Our Association, The Institute of Chartered Shipbrokers London, is the professional body for commercial shipping worldwide and the only internationally recognized body conducting examinations and awarding qualifications for commercial shipping professionals. It was established in 1911, incorporated in 1913 and received Royal Charter in 1920. It has its Head Office in London with 25 branches worldwide, including our West Africa Branch. It is renowned for Capacity-building, Education consultancy, Training, Awareness-raising and professionalism under strict ethical standards. Its motto, OUR WORD OUR BOND, speaks volumes.
The Institute’s membership is mainly through examinations and exposure in shipping. Companies too can become corporate members if they meet set criteria. There are 14 International Teaching Centers and aggregate of over 100 examination centers worldwide to cover both May and November examinations.
The Institute represents all aspects of the shipping business and includes in its membership, Chartered Shipbrokers, ship-owners, charterers, agents, forwarders and other shipping professionals. It is dedicated to the setting and maintenance of the highest professional standards in international transport and shipping business.
On the Institute’s activities in Nigeria, prior to the official launching of the Nigeria Chapter on March 14 2017, we engaged some corporate bodies to collaborate with us to progress shipping knowledge, professionalism and to bridge knowledge-gap. We are on continual membership drive. The activities encapsulates , training and retraining of shipping professionals to handle business of vessel chartering, port and terminal management, ship sale and purchase, ship agency services etc, professionally and with utmost integrity; Since the launching of the Nigeria Chapter, many student members were mentored and encouraged to write the Institute’s examinations, some in May and some in November 2017. Some students who were successful in previous examinations and who satisfied the requirements for membership were nominated to the Controlling Council in London and got elected Members (MICS).
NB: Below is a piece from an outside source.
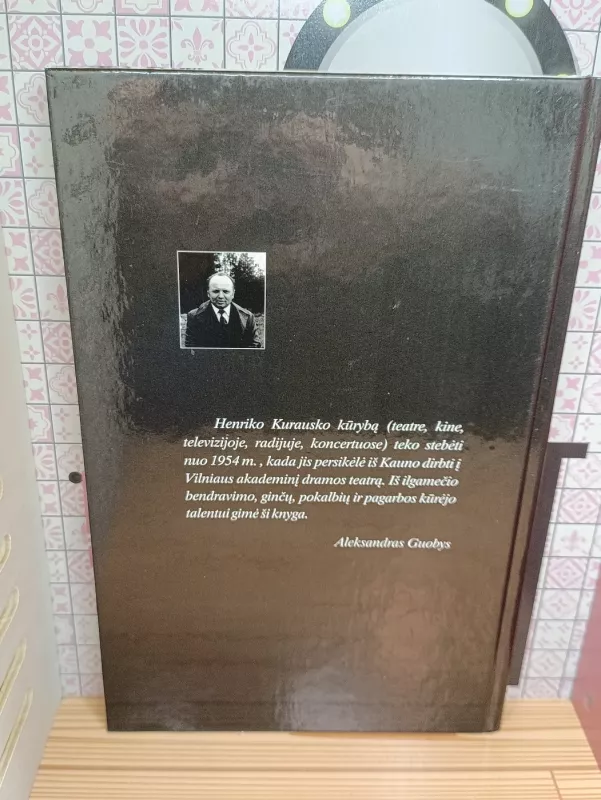 Henrikas Kurauskas - Aleksandras Guobys, knyga 3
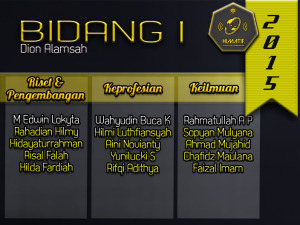BIDANG I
We are introducing “Understanding Shipping” as the rudiments of shipping to all new comers into the shipping industry. The Nigerian Shippers Council and the Nigerian Chamber of Shipping bought into this idea as it is perceived as a course which is an excellent eye-opener to shipping; next is the introduction of Bespoke Training to help bridge knowledge-gap amongst existing staff of government parastatals, corporations and companies involved in commercial shipping.
2. What are the reasons for your collaboration with Clarion Events West Africa on their International transport, logistics and supply chain management exhibition; Multimodal West Africa?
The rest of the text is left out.